Other finalists hail from Hawaii, Michigan, Utah, California, Illinois, Oregon, Ohio, Oklahoma, Kansas and New York.
As a sheet metal detailer, Fleming designs complicated, behind-the-walls systems in buildings.
Using the Benchmark building information modeling software, he works to ensure every piece, length of HVAC ductwork and fitting is built to exact measurements and standards.
Fleming was drawn to the profession early on after being introduced to it by his step-dad, an architectural sheet metal worker.
After high school, he enrolled in an apprenticeship program where he learned about the different aspects of the trade.

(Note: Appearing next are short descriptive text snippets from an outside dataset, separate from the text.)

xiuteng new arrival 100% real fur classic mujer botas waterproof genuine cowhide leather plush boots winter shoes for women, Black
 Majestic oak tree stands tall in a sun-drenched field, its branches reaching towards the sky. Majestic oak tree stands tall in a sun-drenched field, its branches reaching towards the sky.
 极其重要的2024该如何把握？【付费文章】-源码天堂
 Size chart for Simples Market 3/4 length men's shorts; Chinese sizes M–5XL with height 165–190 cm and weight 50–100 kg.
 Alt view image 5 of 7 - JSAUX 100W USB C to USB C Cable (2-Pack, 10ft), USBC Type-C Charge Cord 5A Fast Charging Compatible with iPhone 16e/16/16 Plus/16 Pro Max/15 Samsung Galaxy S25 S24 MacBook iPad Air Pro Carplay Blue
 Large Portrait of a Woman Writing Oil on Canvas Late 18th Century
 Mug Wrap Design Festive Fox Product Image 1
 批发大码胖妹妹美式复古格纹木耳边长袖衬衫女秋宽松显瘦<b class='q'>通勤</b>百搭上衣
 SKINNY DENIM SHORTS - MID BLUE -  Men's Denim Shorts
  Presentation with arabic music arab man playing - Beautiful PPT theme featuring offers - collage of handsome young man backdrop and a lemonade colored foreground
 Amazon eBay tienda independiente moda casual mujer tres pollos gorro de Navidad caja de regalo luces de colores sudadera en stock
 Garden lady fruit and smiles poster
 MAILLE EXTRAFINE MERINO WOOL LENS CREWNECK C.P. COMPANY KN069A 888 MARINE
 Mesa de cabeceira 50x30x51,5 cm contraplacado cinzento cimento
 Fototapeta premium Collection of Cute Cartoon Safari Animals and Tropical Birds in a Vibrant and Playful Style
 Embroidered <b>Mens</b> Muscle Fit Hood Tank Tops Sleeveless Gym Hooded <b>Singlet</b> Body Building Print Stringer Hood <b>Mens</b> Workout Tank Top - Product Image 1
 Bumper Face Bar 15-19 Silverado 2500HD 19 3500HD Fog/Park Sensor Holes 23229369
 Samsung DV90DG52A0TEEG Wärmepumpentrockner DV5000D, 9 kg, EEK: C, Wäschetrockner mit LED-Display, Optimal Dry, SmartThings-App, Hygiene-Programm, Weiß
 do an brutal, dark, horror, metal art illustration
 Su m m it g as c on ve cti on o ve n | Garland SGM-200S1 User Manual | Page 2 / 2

“I liked the challenge of being a detailer,” says Fleming. “It’s like doing an adult puzzle.”
The local man, a 1993 Bothell High grad, has been a detailer for the past 14 years. He is the principal consultant for RYNOTEK, a division of Fleming Consulting Services Inc.
Currently, he is working on a project for the Boeing 777 jet airliner.
Fleming is excited to return to the Annual International Sheet Metal Competition and says, “It’s great to be a part of the top 12 again and it will be interesting to see what ITI’s Benchmark staff put together this year.”
He adds, “I really wanted to win last time,” he comments. “The prize was a fully loaded truck. This year, it’s a new Harley Davidson.”
Fleming explains that he competes for the challenge and a chance to win the grand prize, but that he also participates in the event because it’s a great networking opportunity for him.
The competition, which takes place over two 8-hour days, is extremely challenging, according to Fleming.
He says, “You don’t know exactly what you’ll be doing until you get there and so you really can’t expect anything going in, other than the fact it’ll be difficult.”
He adds, “Each contestant gets a 3-D work station and you’re given a set of plans for an HVAC system and directions as to what to do. The plans are different on each day — completely different projects. You’re judged on things like accuracy and feasibility to build. Any one thing you do or don’t do can affect your score.”
To keep on top of his game, Fleming constantly studies software changes to determine if there are methods he can change to improve efficiency.
He also tries to stay current on building codes. “It’s important for me to keep up on what’s happening in the industry as much as possible,” he comments. “But, it’s hard to do this when you’re working on a job, so in between projects is the best time for me to get caught up.” The local man is also a part-time instructor at the Western Washington Local #66 Sheet Metal Joint Apprenticeship Training Committee.